As their van twisted up the roads of Mizoram, Sneha held onto the dashboard with one hand and a pack of murukku in the other.
"Ravi, are you sure this road leads somewhere and not to heaven directly?" she asked, half yelling over the engine's grumble.
"According to the map, we're on track. According to my soul, we've been lost since Assam," Ravi replied.
They finally reached Aizawl, Mizoram's capital, which looked like a painting scattered on a mountain. Buildings clung to hills like daring climbers, and everyone walked with purpose — even the wind.

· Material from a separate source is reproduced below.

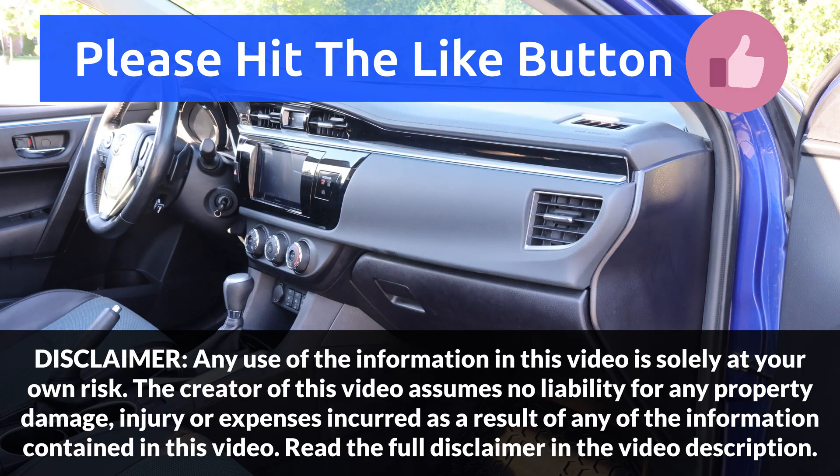If you found this video useful, please make sure to press the like button and consider subscribing. Your support is really appreciated — thank you very much for watching!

Their homestay auntie greeted them at the door with the gentlest "Chibai!" and a warm smile. She handed them slippers and gestured to a signboard: "Please remove shoes before entering. House is not battlefield."
Sneha whispered, "I already love this place."
Later that evening, they wandered through the Luangmual Handicrafts Centre, where Sneha got deeply invested in traditional shawls.
"You think I'd look cool in this?" she asked, wrapping a maroon one around herself.
"You'd look like a fashionable burrito," Ravi replied.
They both burst into laughter, loud enough for nearby tourists to look over.
Dinner was the kind of quiet that makes you sit straighter. They were served Bai (a mild stew made with veggies and fermented bamboo shoot), smoked pork with sesame, and sticky rice steamed in bamboo tubes. Every bite tasted like patience and tradition.
Ravi ate slower than usual.
Sneha noticed. "What's wrong? Too many vegetables for your rich-boy mouth?"
Ravi shook his head. "No. It's just... this food feels like it's made by someone who forgives you before you even eat."
The line came out more serious than he expected. Sneha didn't laugh.
She reached for another pork piece and said gently, "You think you still need forgiveness?"
Ravi looked at the bowl in front of him. "Sometimes, yeah. From her. From myself. I don't even know."
There was a pause. A soft one.
"Well, you've come a long way from that guy in the dark room," she said. "Now you're out here, eating fermented bamboo and surviving roads that look like spaghetti."
He smiled weakly. "I still think about her. Aami."
"I know."
Ravi looked up. "How?"
"You say her name in your sleep," she said without looking at him. "But now, it sounds less like pain. More like… remembering."
Later that night, they walked through a quiet street market, trying local sweets made of sticky jaggery and sesame seeds. Sneha tried a Mizo pickled chili and immediately turned red.
"Oh my god—my soul is on fire," she wheezed.
Ravi handed her water, laughing. "This is what you get for acting like a spice god."
Sneha coughed. "Worth it. It tasted like pain and purpose."
They sat on a low wall, watching the city lights twinkle below them like spilled stars. Silence stretched between them, but it was the kind that didn't need fixing.
"You think we'll forget all this one day?" she asked suddenly.
"No," Ravi said. "Not a single bite."
Sneha grinned. "You mean moment?"
"No. Bite. That pork was unforgettable."
She shoved his shoulder, and they both laughed again.